1

I have an email column in a dataframe and I want to replace part of it with asterisks. I am unable to figure it out using PySpark functions.

My email column could be something like this"

email_col
abc123@gmail.com
123abc123@yahoo.com

What I want to achieve is this:

mod_email_col
ab**23@gmail.com
12*****23@yahoo.com

So essentially apart from the 1st 2 characters and the last 2 characters, I want the remaining part to be replaced by asterisks.

This is what I tried

from pyspark.sql import functions as F

split_email = F.split(df.email_address, "@")
df = df.withColumn('email_part', split_email.getItem(0))
df = df.withColumn('start', df.email_part.substr(0,2))
df = df.withColumn('end', df.email_part.substr(-2,2))

df.withColumn(
    'masked_part', 
     F.expr("regexp_replace(email_part, email_part[email_part.index(start)+len(start):email_part.index(end)], '*')")
).show(n=5)
pault
  • 41,343
  • 15
  • 107
  • 149
Manas Jani
  • 699
  • 2
  • 11
  • 33
  • You should split the string at `@` and then have a look at my answer: [substring multiple characters from the last index of a pyspark string column using negative indexing](https://stackoverflow.com/questions/49793479/substring-multiple-characters-from-the-last-index-of-a-pyspark-string-column-usi/49793592#49793592) – pissall Oct 29 '19 at 18:56
  • I tried all of that. But I am unable to figure out how extract going from the 1st 2 and then up to the last 2. I did the split to get the part before the domain of course. Updated with code now – Manas Jani Oct 29 '19 at 18:57

2 Answers2

2

I think you can achieve this with the help of following regular expression: (?<=.{2})\w+(?=.{2}@)
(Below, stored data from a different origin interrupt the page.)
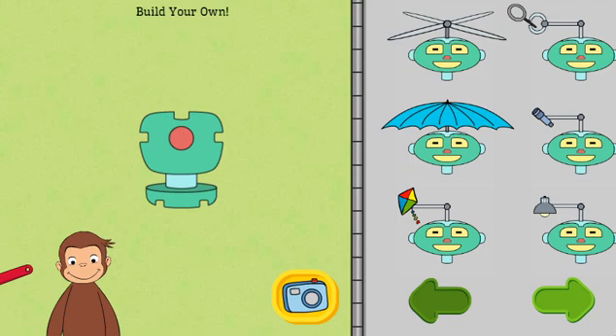Now, you can build your own robot. Pick the parts that will make your robot do things you want it to do. Click on the green arrows to find the different robot parts.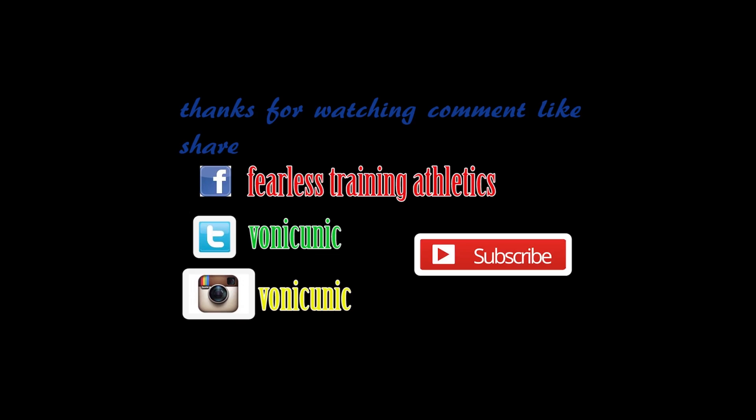Anyway, thanks to all my fearless training. Glad to have you — subscribe, thank you for watching, comment, like, share. Peace out, bye.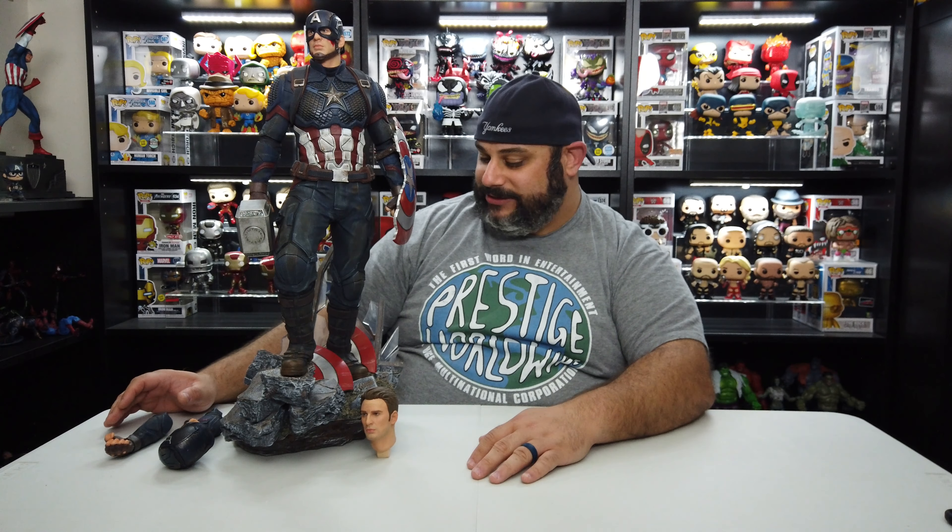I'm just overly floored about how amazing this is — the detail, the texture, the sculpts — everything. I'm absolutely in love with this statue. When I look at it, it just gives me the feels, especially remembering the part in the movie where he picks up Thor's hammer and starts fighting Thanos. Everybody knows that is like the best part of the whole movie. God, I can't believe I actually went out and got this — this thing is just awesome.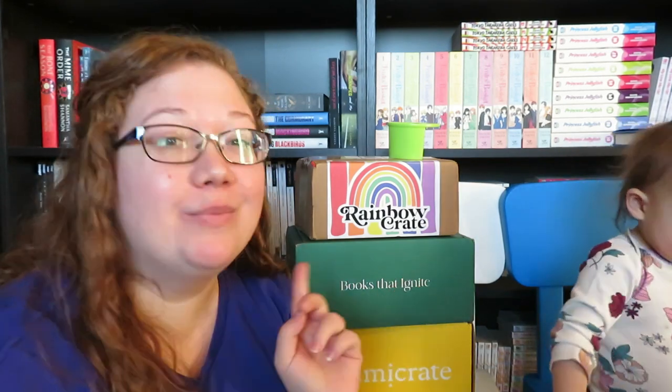Hello everyone, my name is Chelsea, and welcome or welcome back to my channel. For today's video, we have a triple unboxing.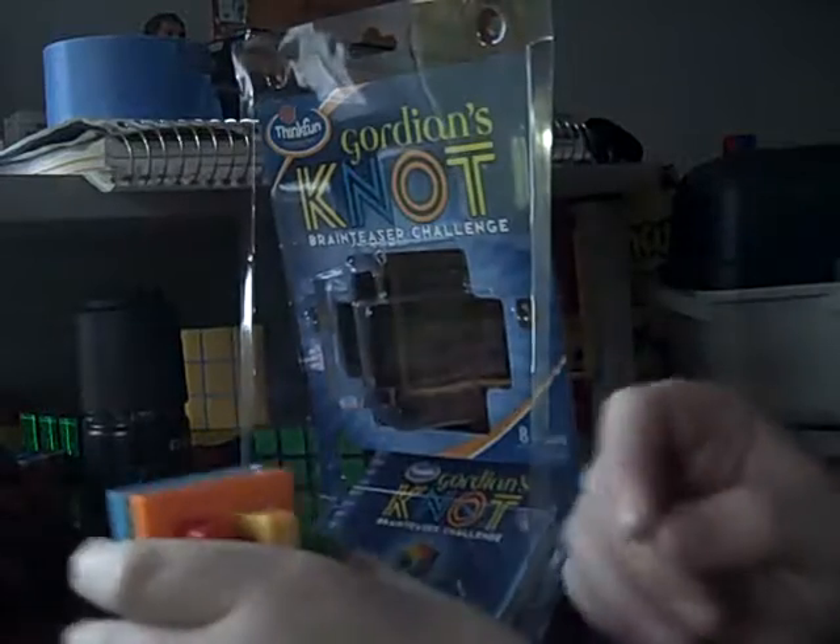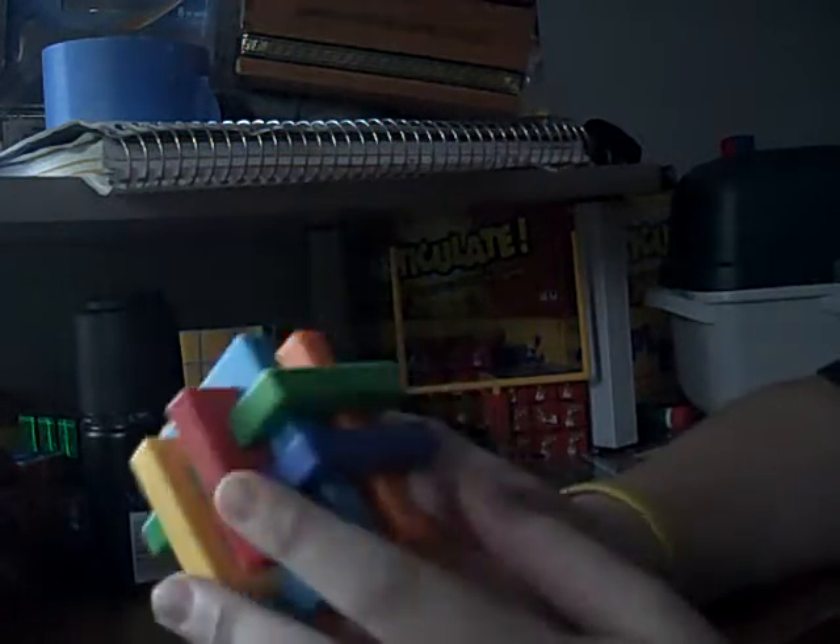That was easy. Gordian's Knot. I'll put the booklet — here's the box. So it's pretty cool. I don't know how to solve it yet.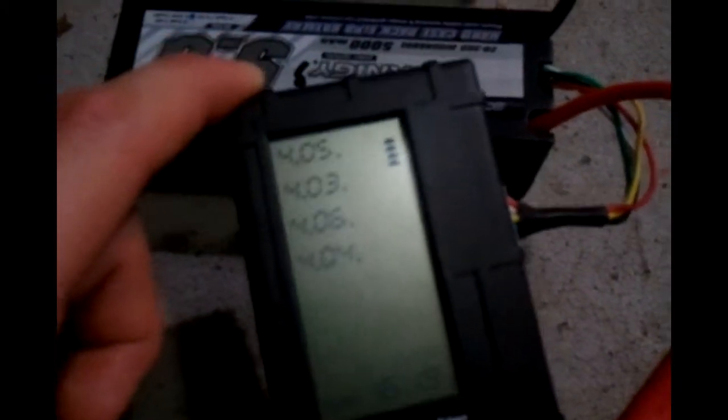Let's check this out here. 4.09, 4.08, 4.04, 4.08. 4.04, 4.05, 4.04, 4.06. 4.05, 4.03, 4.06, 4.04.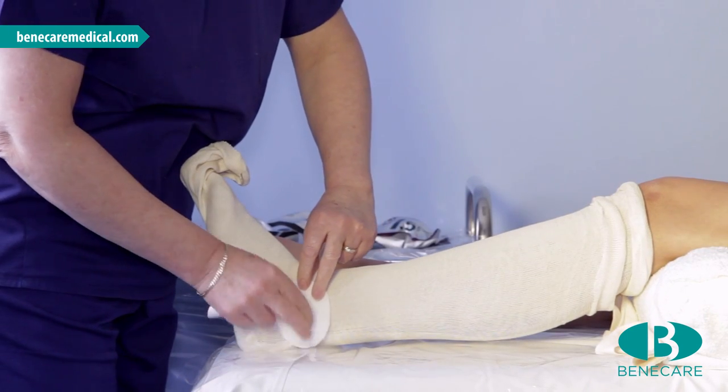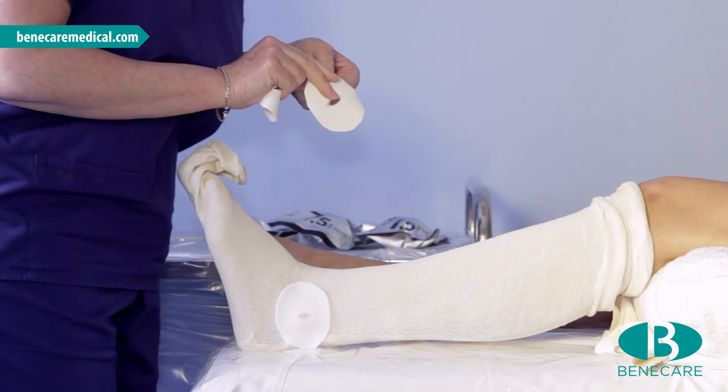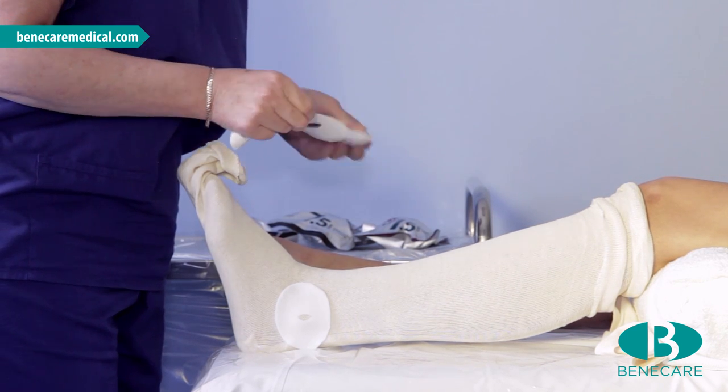Apply two pieces of adhesive felt that have been pre-cut to provide negative padding over the bony prominences.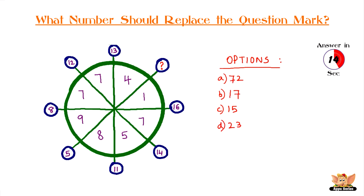The clock is ticking. Have you got your answer ready yet?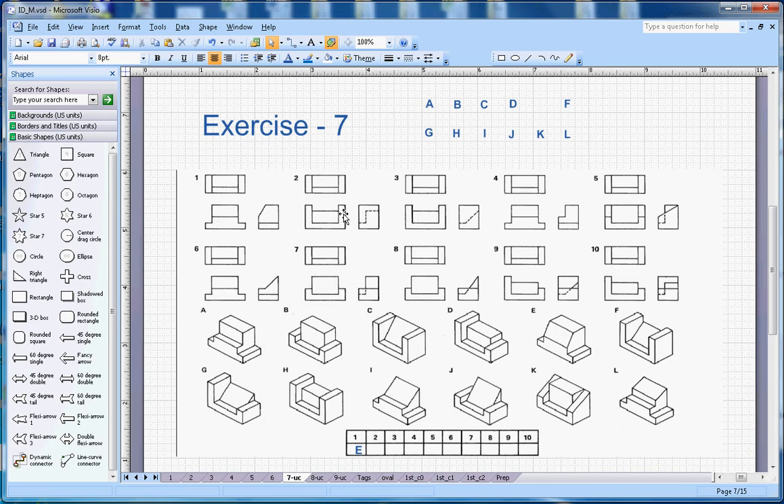Now let's look at number two. You can see these two edges form a C shape. Both C and H match with number two, but if you look there is an extra edge down here, so H will be the correct answer. Two will go with H.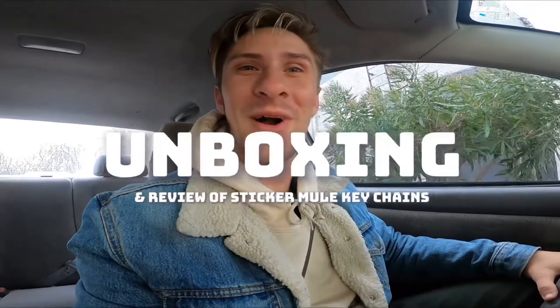All right, good morning! Getting some Starbucks at the drive-thru and we just got a new box of some goodies, so we're gonna do a little unboxing video.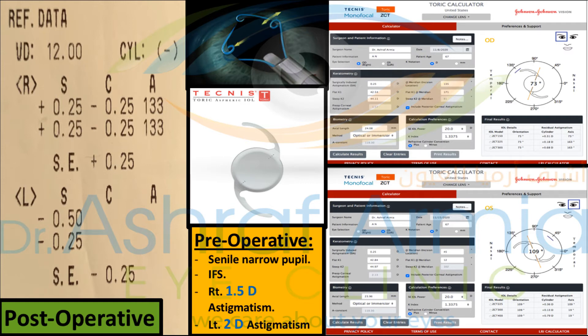We achieved this because we did everything correctly for this patient: we used the Malyugin ring to dilate the pupil, we used the best IOL for this patient — the Technist Toric with its four dots for precise alignment within the pupil. Thank you so much.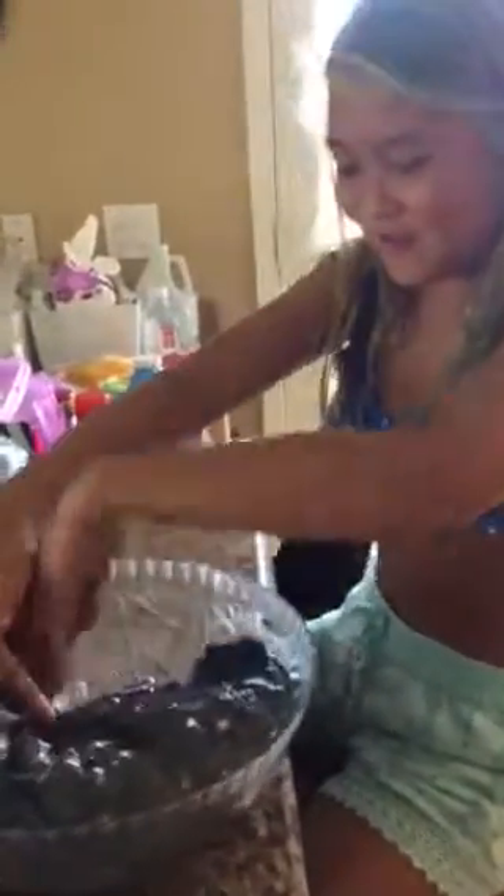It's not really done being mixed yet but I'm going to pick it up and show you guys what it's like. Whoa, that's heavy — oh my god, it's a blob! It's so heavy. I call this the ugly mix.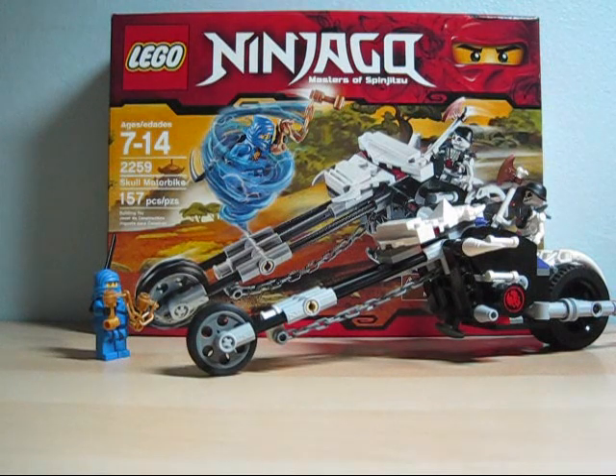Hey guys, so today we're doing another Lego Ninjago review, Masters of Spinjitzu. Today we're doing another review on the Skull Motorbike. This set is set number 2259 and it's 157 pieces. I'm just not going to say the age because nobody cares.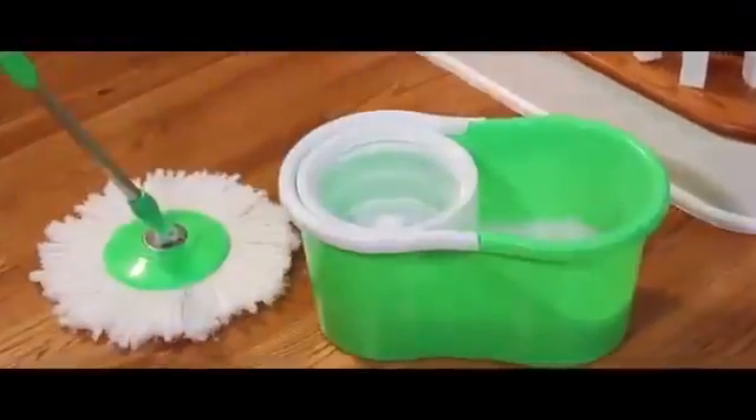Finally, there's the Storm Spin Mop. Spills are no match for its microfiber super absorbency. Wet or dry, the Storm Spin Mop makes cleaning the toughest jobs fast and easy. Waxy, greasy messes are no problem for the Storm Spin Mop.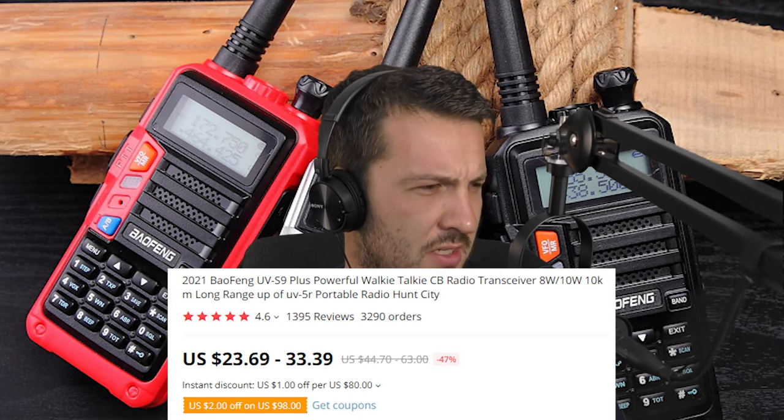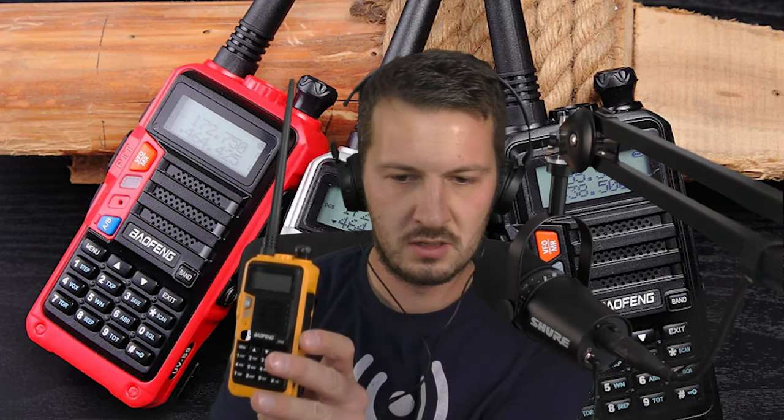I picked up the UVS9 Plus off AliExpress. At the moment they're going for about $25 US — I'll put a link in the description below. I've also got the UV5R, which I think is the third revision. I decided to pick up this one because of an interesting advertisement I saw.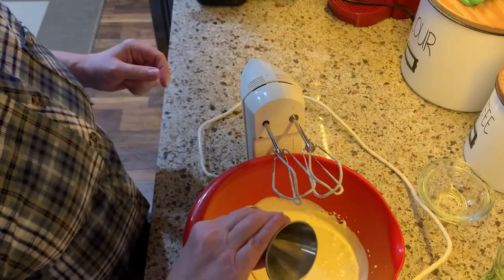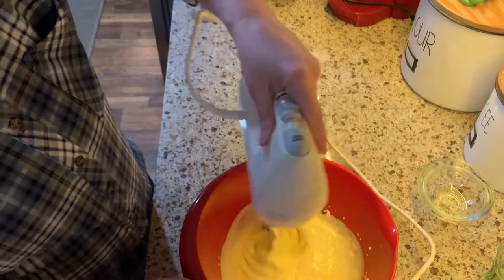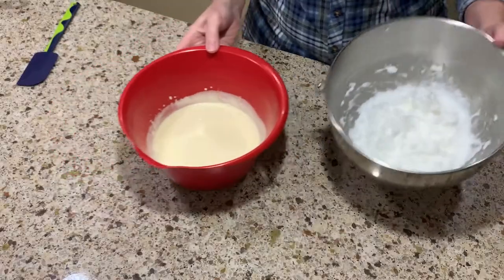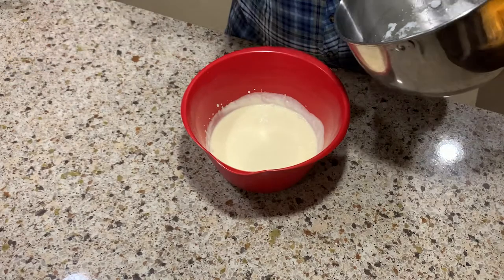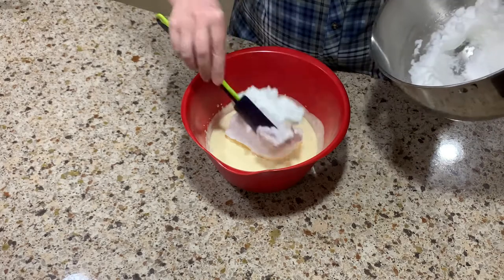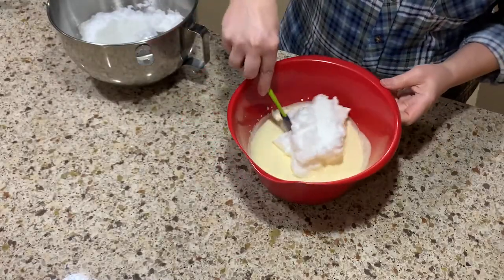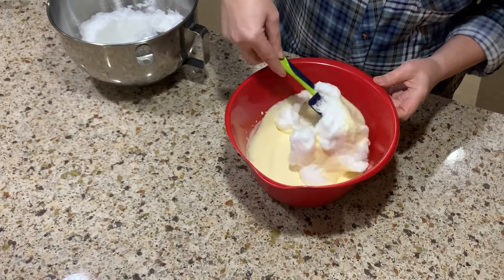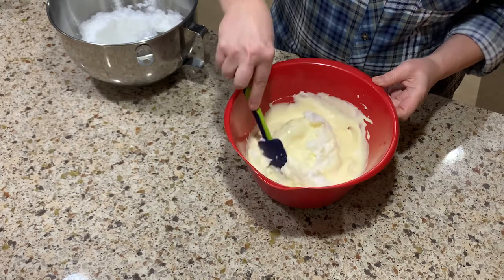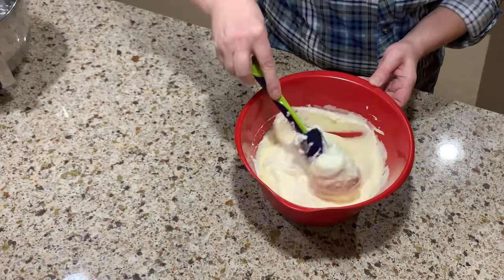Add one ounce of amaretto liqueur — this is optional, but it gives the tiramisu that well-known taste everybody loves so much. Take the bowl with the fluffy egg whites, take about a third of it, and fold it into the mascarpone mix slowly so the mixture doesn't deflate. Repeat until all the egg whites are folded in.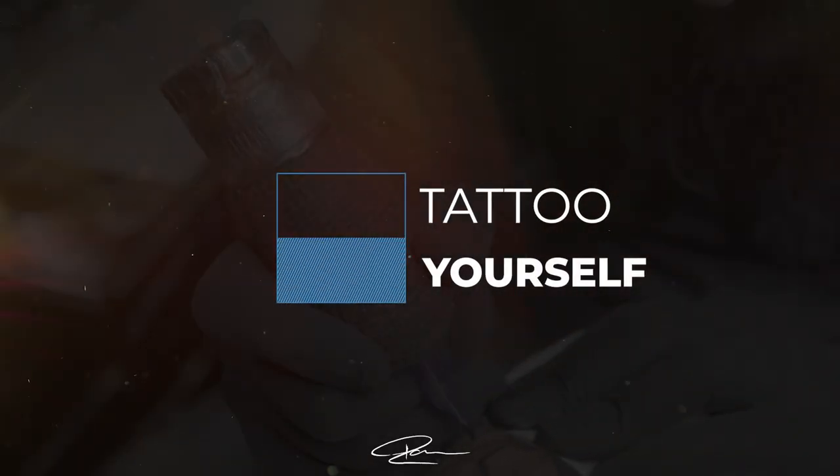Tip number nine: before you tattoo anyone, make sure you have tattooed yourself. Tattooing yourself prior to tattooing a client will show you the differences between tattooing fake skin and real skin. Not only that, tattooing yourself gives you a better understanding of how your tattoos are going to heal and age. You get to see it every day over the years, so further into your career you understand the nuances of what can and can't be done — you can just look back at your leg and learn from it.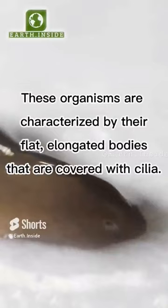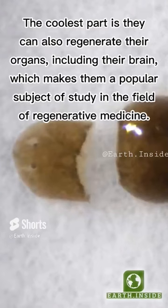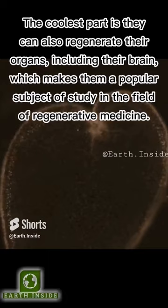Planarians can regenerate entire bodies from tiny fragments, even regenerating an entire organism from just a small piece of their body. The coolest part is they can also regenerate their organs, including their brain, which makes them a popular subject of study in the field of regenerative medicine.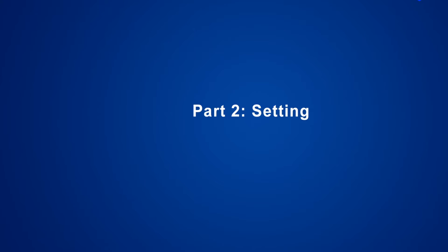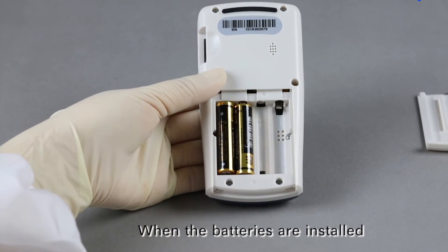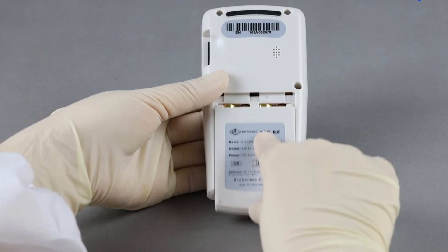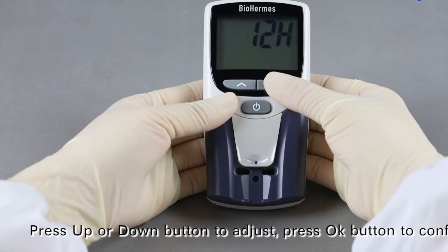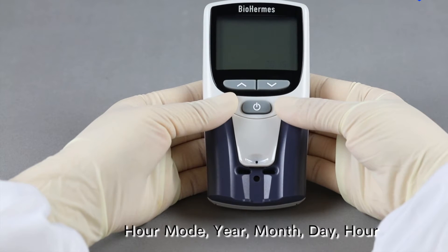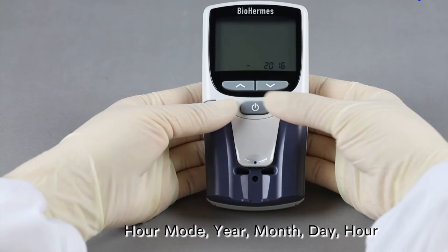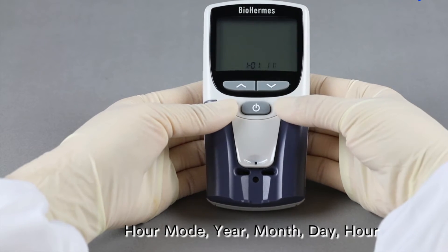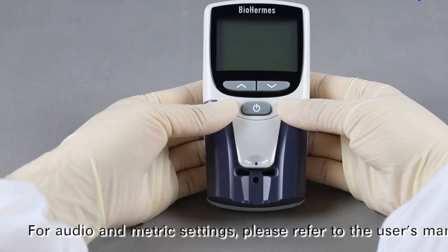Part 2: Setting — Date and Time. When the batteries are installed, the analyzer will automatically switch on and enter into the setting mode. Press the up or down button to adjust, and press the OK button to confirm. Set the hour mode, year, month, day, hour, and minute successively. After setting is completed, the analyzer will automatically switch off. For audio and metric settings, please refer to the user's manual.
  • (?<=.{2}): Positive lookbehind for 2 characters
  • \w+: Any word characters
  • (?=.{2}@): Positive lookahead for 2 characters followed by a literal @

First use regexp_extract to extract this pattern from your string.

from pyspark.sql.functions import regexp_extract, regexp_replace

df = df.withColumn(
    "pattern", 
    regexp_extract("email", r"(?<=.{2})\w+(?=.{2}@)", 0)
)
df.show()
#+-------------------+-------+
#|              email|pattern|
#+-------------------+-------+
#|   abc123@gmail.com|     c1|
#|123abc123@yahoo.com|  3abc1|
#|      abcd@test.com|       |
#+-------------------+-------+

Then use regexp_replace to create a replacement of * of the same length.

df = df.withColumn(
    "replacement",
    regexp_replace("pattern", r"\w", "*")
)
df.show()
#+-------------------+-------+-----------+
#|              email|pattern|replacement|
#+-------------------+-------+-----------+
#|   abc123@gmail.com|     c1|         **|
#|123abc123@yahoo.com|  3abc1|      *****|
#|      abcd@test.com|       |           |
#+-------------------+-------+-----------+

Next use regexp_replace again on the original email column using the derived pattern and replacement columns.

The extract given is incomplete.